3 comentários em “8 conselhos de bacharéis em biotecnologia que os futuros biotecnologistas merecem receber antes de se formar

  1. Eu sinceramente me identifiquei muito com as dicas. Estou no 4° período de Biotecnologia. Um dia quando eu me formar, quero atuar na área da Química de Produtos Naturais, no momento tenho dois projetos com a minha orientadora na área, amo o que faço, sou apaixonada pelos produtos da minha Amazônia e por isso decidir trabalhar com isso e sempre procuro saber mais sobre essa área com a minha orientadora, as vezes passamos horas conversando sobre isso e é muito bom saber que tem uma pessoa que te apoia em tudo, eu acho isso muito importante para nós universitário, eu quando comecei a estudar, eu não acreditava em mim mesma achava que eu não era capaz, minhas notas era sempre o suficiente para mim passar e me achava péssima por causa disso, quando eu fui para o 3 período vi que tudo que tava acontecendo comigo era uma maré que logo ia se abaixar, me acalmei e procurei a fazer o que mais me interessava no meu curso, resultado: me apaixonei por Química. Que era uma coisa que eu mais odiava.
    E ler tudo isso me faz pensar e também me apaixonar ainda mais pela minha área, hoje eu sei que é isso que eu quero levar daqui pra frente. E um dia me tornar uma profissional, não conhecida, mas capacitada naquilo que eu quero e com todos os conselhos da minha orientadora e também da minha família, eu me sinto capaz de enfrentar muita coisa quando me formar, eu acho que é isso que faz ser um bom profissional, na realidade um diferencial em um profissional.

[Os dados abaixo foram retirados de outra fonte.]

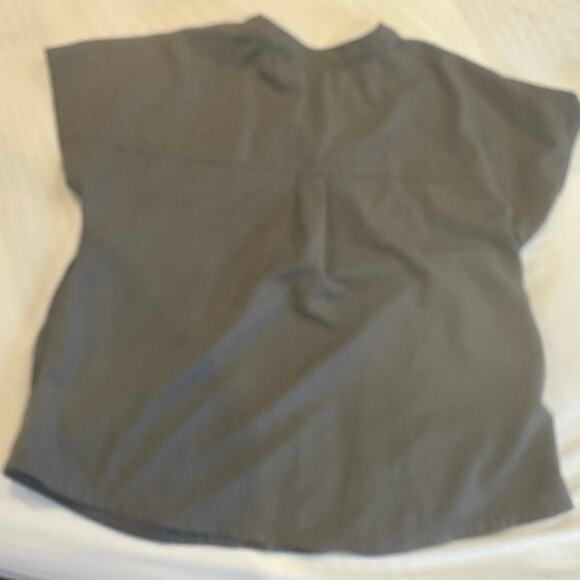 ClimateRight Cuddl Duds Heather Gray Scrubs Top Sz. L - Picture 3 of 6
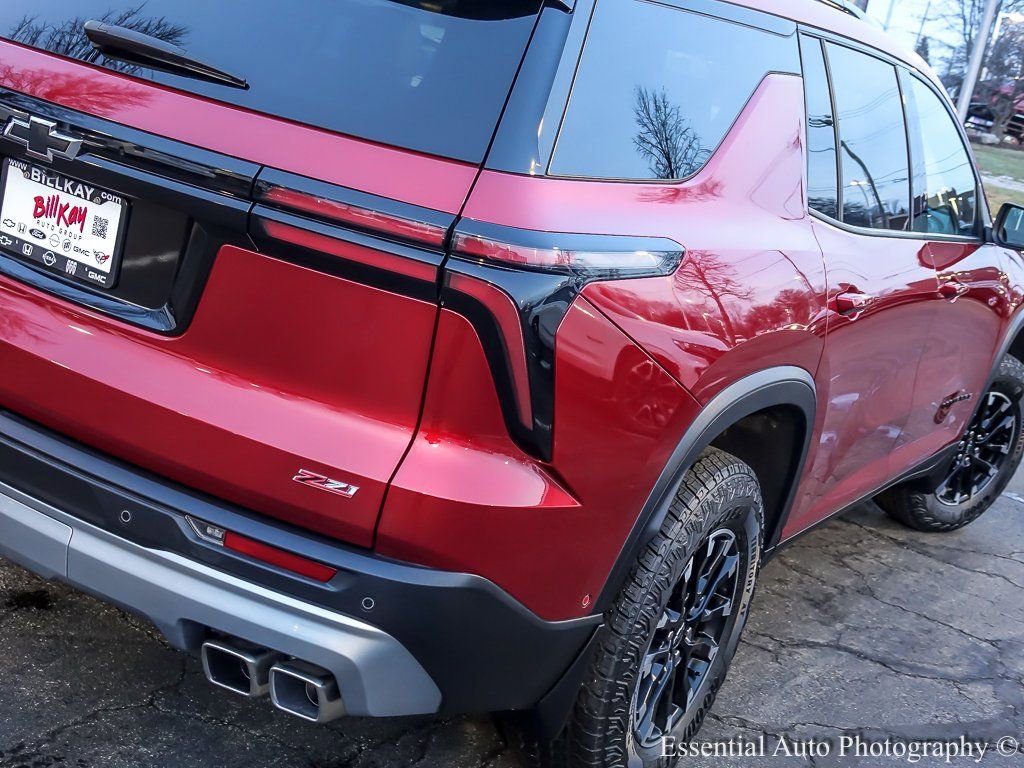 Used 2024 Chevrolet Traverse Z71 w/ Enhanced Driving Package image 9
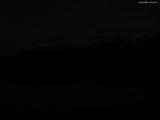 22 : 04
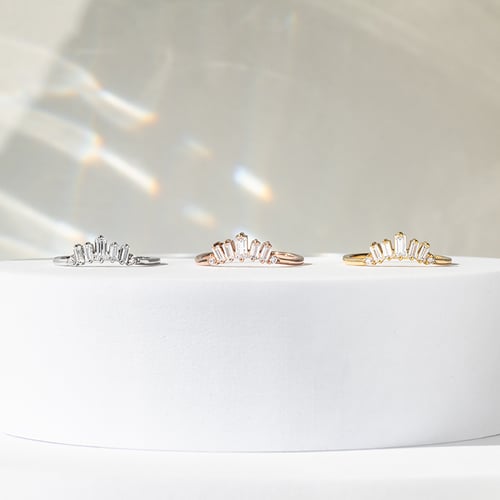 Ring in V-Form mit Lab Grown Baguette Diamanten Domenic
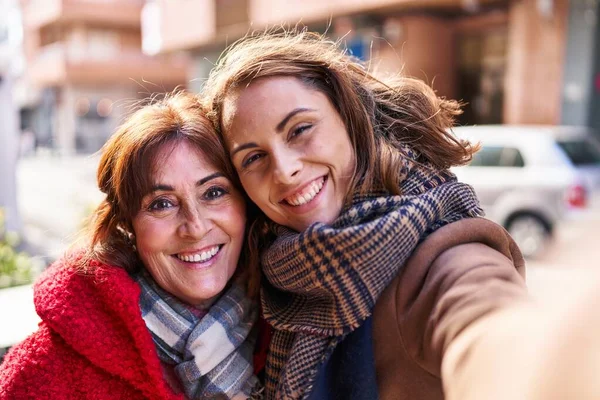 Two Women Mother Daughter Make Selfie Camera Street — 스톡 사진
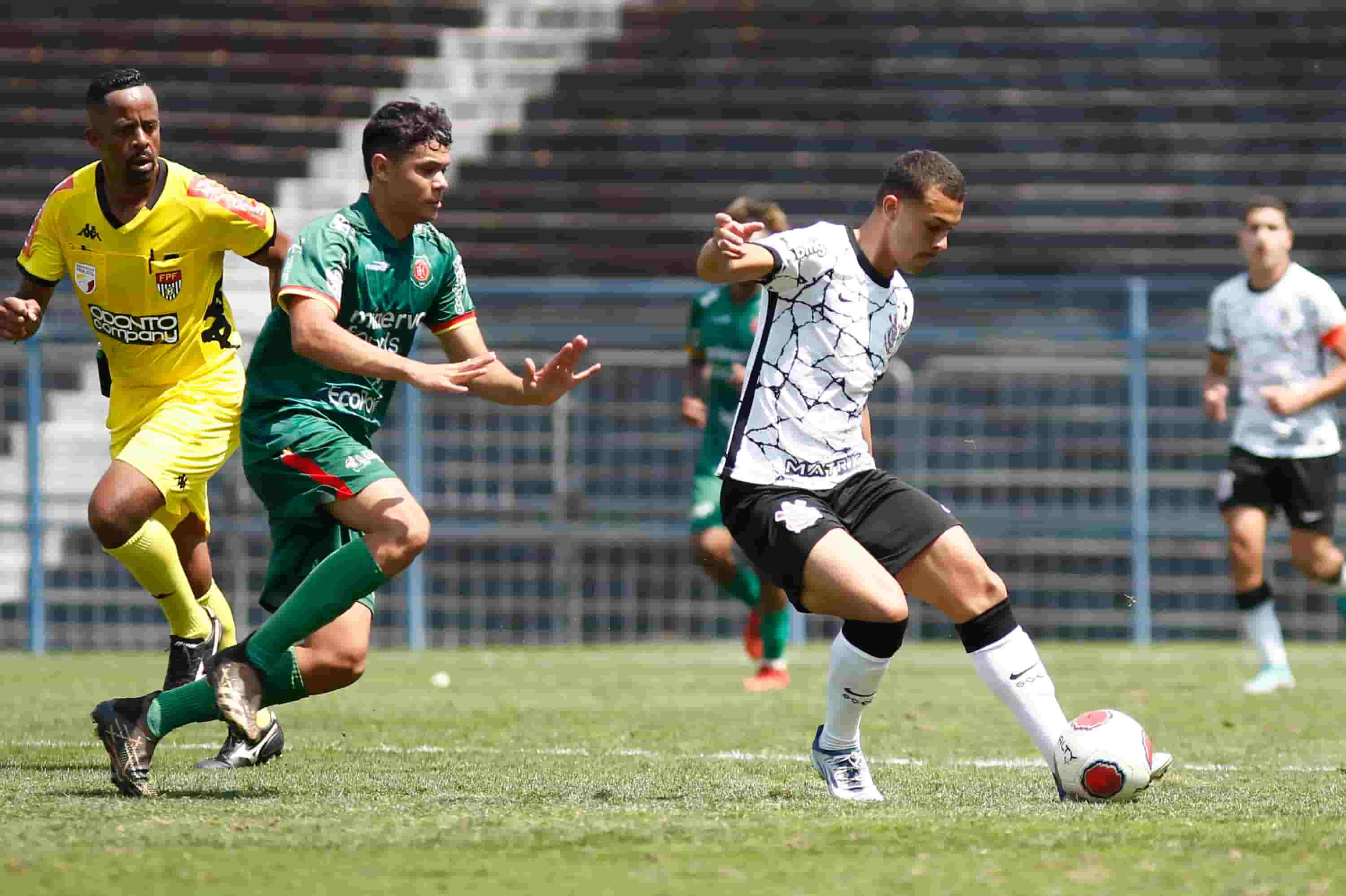 Corinthians marca no fim e empata com o São Paulo no Paulistão Sub-11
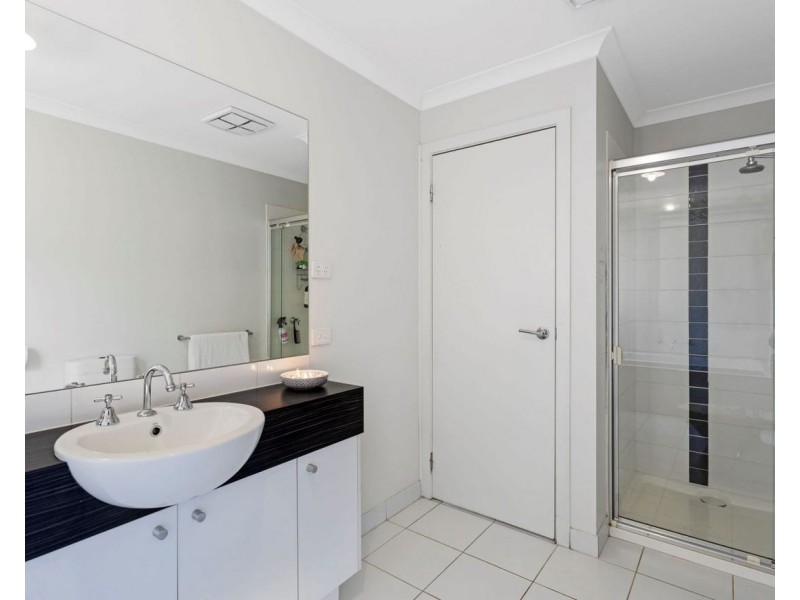 8 Rosella Avenue, Pakenham VIC 3810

    1. Ficamos felizes em saber que gostou do texto! Ter um orientador bacana que realmente “oriente” é muito bom!
      Aproveite todas essas oportunidades e ficamos torcendo pelo seu sucesso!
      Abraço.

  2. Agora com 3 anos de formada e olhando pra trás é mais facil de ver o que aconteceu e entender as coisas. Quando fui falar com aquele professor sobre fazer um estágio e atrasar a faculdade, e ter sido completamente desmotivada a isso, eu só consegui chorar logo que saí da sala dele. Então eu fui conversar com outros professores, que me disseram que a empresa era bastante reconhecida, e ainda me deram dicas sobre a dinâmica de grupo. Resultado: fui ao processo seletivo! Passei? Não, mas isso é assunto para outro texto hehe. Mas o importante é que nao me deixei abalar pela opinião tosca daquele professor.
    Ontem, conversando sobre isso, pude ver que nem todos os professores estão preparados para exercer seu papel de formador de pessoas, sejam elas para a pós-graduação, ou para o mercado de trabalho. Então conversem com várias pessoas e tirem as suas próprias conclusões.
    Outra coisa que consigo enxergar hoje é que acho que fiquei esperando pelo momento da graduação que seria apresentada às empresas onde poderia trabalhar, fazer estágio, e isso não aconteceu! E fui conhecer esse ambiente somente depois de formada, quando não poderia mais ser estagiária. O que diria para os graduandos é que comecem a buscar por empresas durante o curso, pois, ao meu ver, a faculdade está mais interessada em formar pessoas para a pós-graduação do que para o mercado de trabalho.